In the records below, find the line with "1822 E Lester" and the line with "1990 National Geographic"; return exactly those lines and every line between them.

_INPUT RECORDS_.
====================
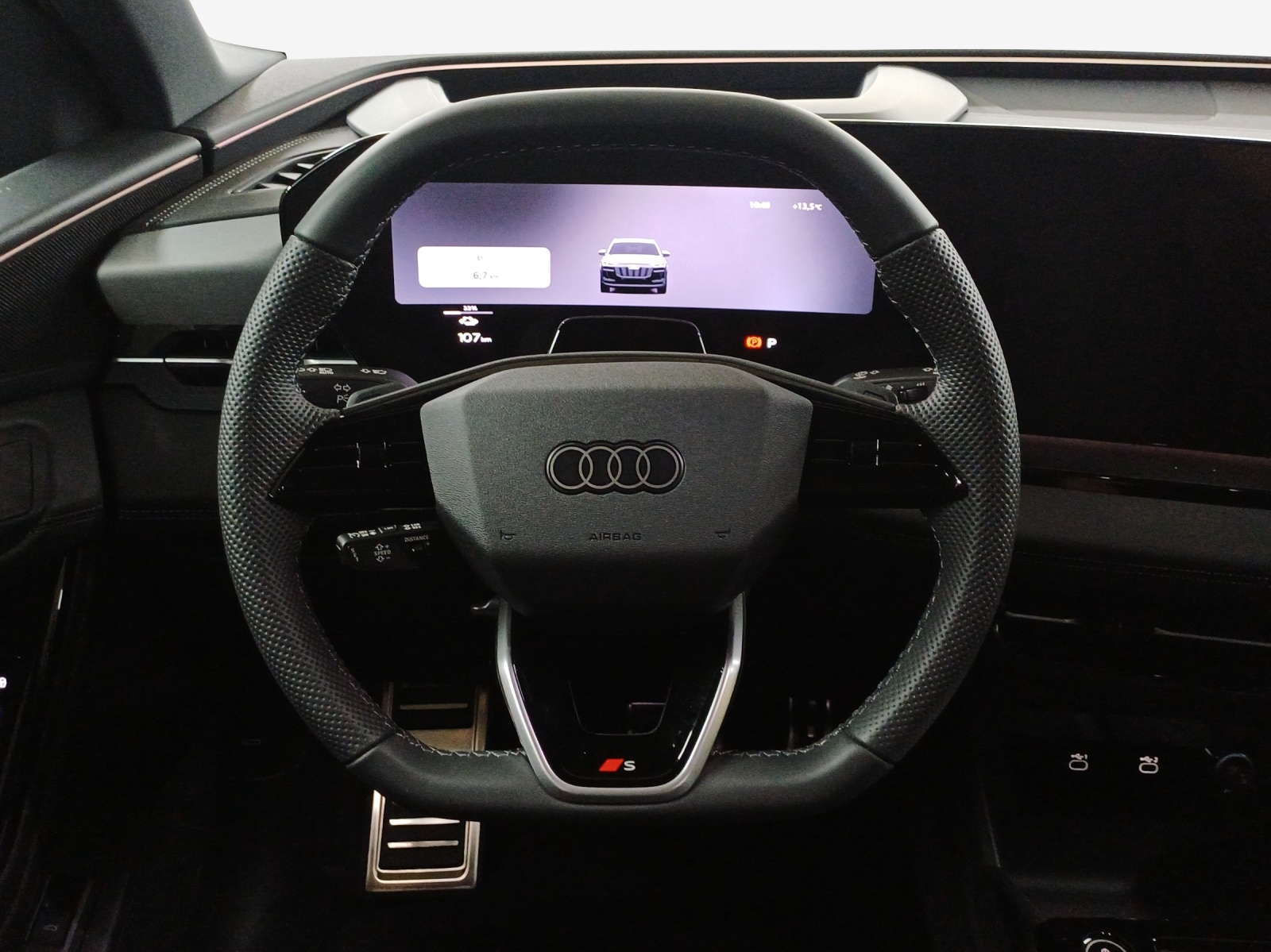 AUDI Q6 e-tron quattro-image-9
====================
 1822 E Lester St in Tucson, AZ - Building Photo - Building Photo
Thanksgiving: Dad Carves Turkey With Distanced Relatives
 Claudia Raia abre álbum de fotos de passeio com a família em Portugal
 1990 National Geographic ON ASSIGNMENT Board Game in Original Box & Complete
====================
_COMPLETED EXERCISE_.
 1822 E Lester St in Tucson, AZ - Building Photo - Building Photo
Thanksgiving: Dad Carves Turkey With Distanced Relatives
 Claudia Raia abre álbum de fotos de passeio com a família em Portugal
 1990 National Geographic ON ASSIGNMENT Board Game in Original Box & Complete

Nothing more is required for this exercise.